Why moving Tag in Version Control System is a bad practice? I often run into this general suggestion, but have never seen explanations behind them.
Note: I'm using term "move tag" which I think is more relevant to CVS. But for SVN it's a similar concept when we just commit changes in tag folder.
My specific situation is here: I use SVN. I'm going to create tags automatically with build system. Right after creating new tag the build system is putting tag description information to one of tagged files, commits, and move tag on this changed file.
I can understand that if tag was set on project, and project was tested, then putting changes to tag may lead to misunderstanding between teams. Someone may checkout old version of a tag, and another person newer. But is anything bad in doing changes to tag before it was officially announced?
I suppose that decision to move tag or not may depend on type of project(commercial, opensource, individual), number of people working on the project, time passed after tag creation, development process type.
Tags are meant to represent project wide specific revisions of your source code and should not be used for other purposes. That said, strict adherence to this principle may lead to having to skip a release number, which may be just as unacceptable.
With complex build processes you should try and perform most of the work in release candidate branches and only tag at the very last moment. However it may happen that you need to fix something half-way and I consider it acceptable to perform small, controlled changes to the tagged version, especially if its existence hasn't been officially advertised yet.
Tags are normally considered as immutable snapshots of a particular state of the repository. Several tools, such as CI tools, work with this assumption. This is an important rule, it ensures that you have an unique way to reference a particular state of the project.
It's like a revision number in SVN or a SHA1 commit hash in Git. When people or tools reference a commit using a commit identifier, they are sure they are talking about a specific version.
The same applies to tags.
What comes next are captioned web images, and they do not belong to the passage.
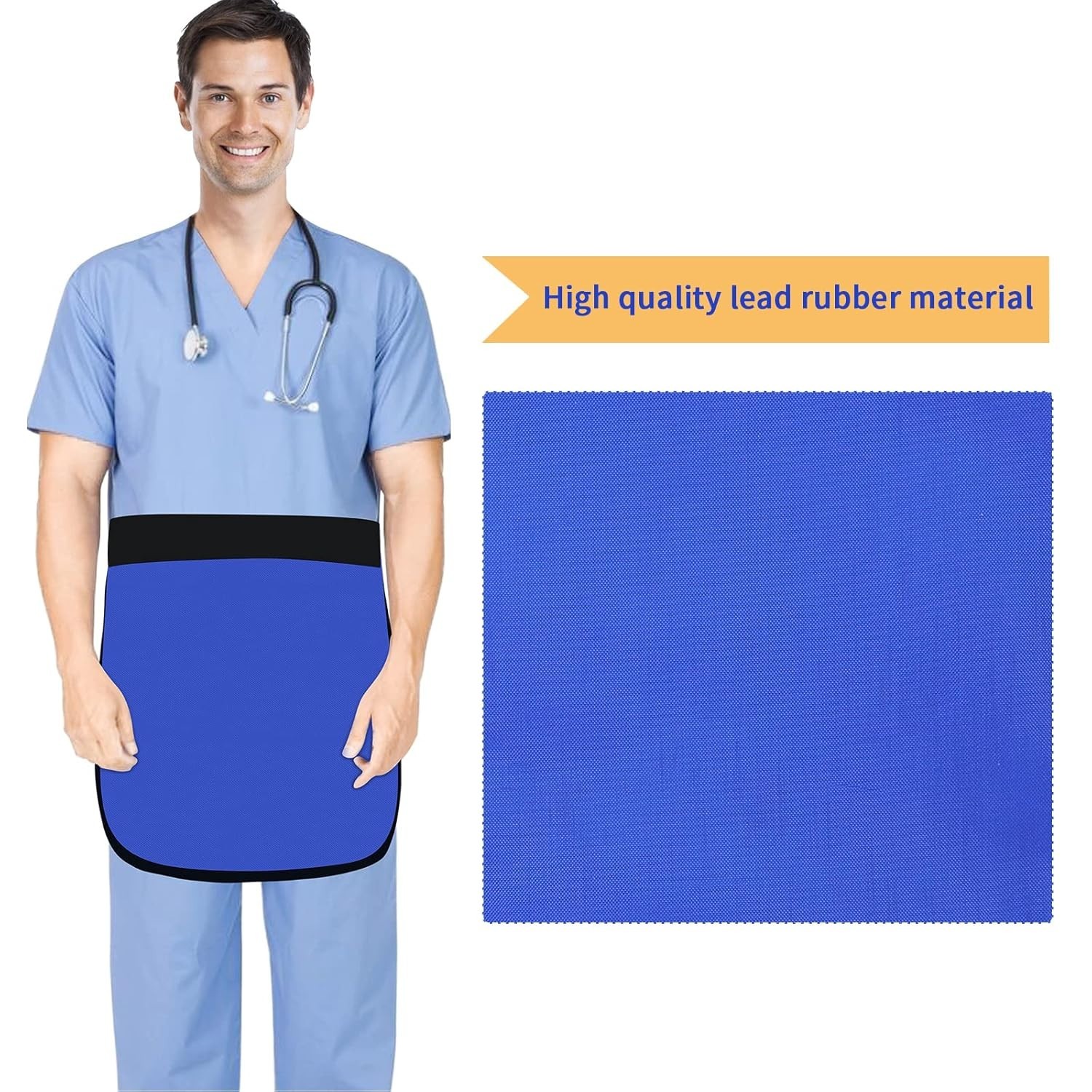 Lead Aprons – Half Lead Apron for X-Rays 0.5mmpb Lead Shield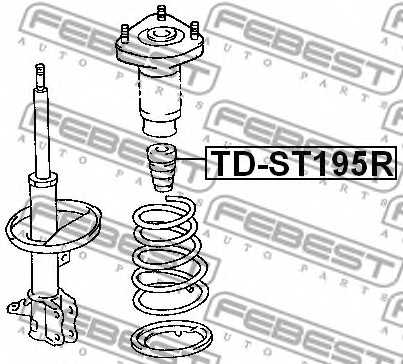 Отбойник амортизатора <b>FEBEST TD-ST195R</b> - изображение 1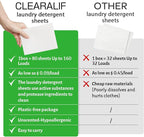 Laundry Detergent Sheets Up to 160 Loads, Wild Mint - Image 3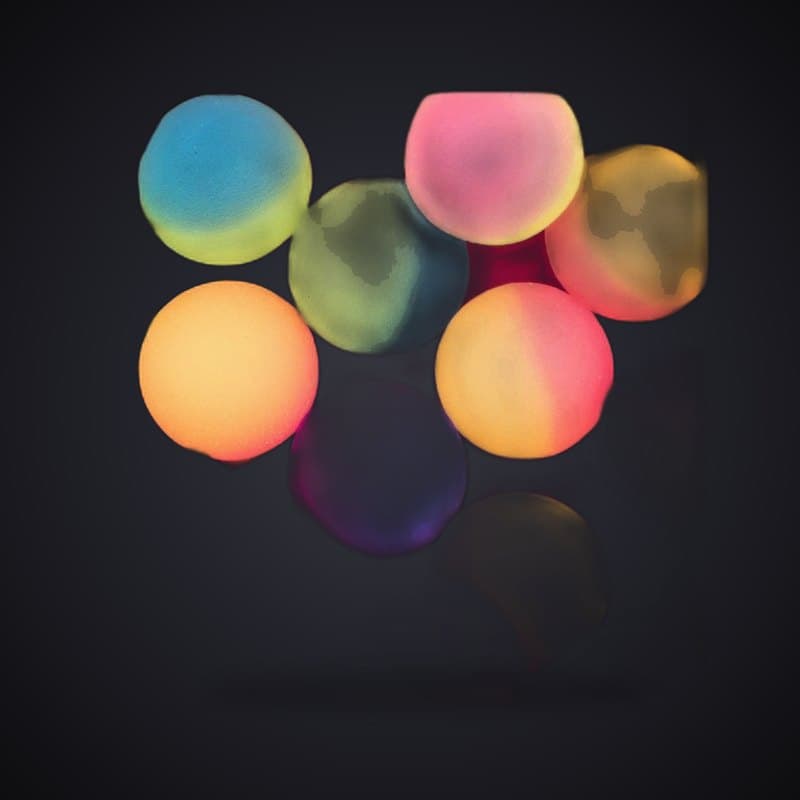 75mm Icy Hi-Bounce Balls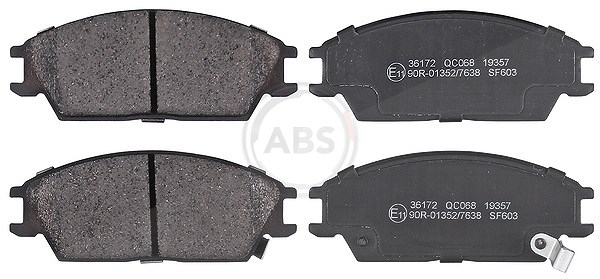A.b.s. Bremsbeläge vorne (Satz) [Hersteller-Nr. 36172] für Hyundai, Honda, Vauxhall, Opel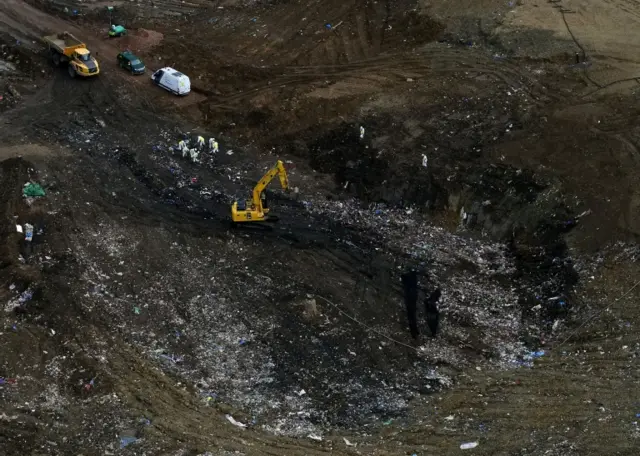 Aerial view of landfill search for Corrie Mckeague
If you work with the rule that once a state of the repository is tagged it can't change, it means everyone (including people and tools) can safely assume that if there is an issue, the issue exists for everybody. If the application behaves or misbehaves, then it will behave or misbehaves for anyone checking out that particular tag.
This is a very important concept to keep in mind because, once you break this assumption, you will likely to end up spending more time trying to debug with version of the tag you reference when reading a CI log or talking with other devs.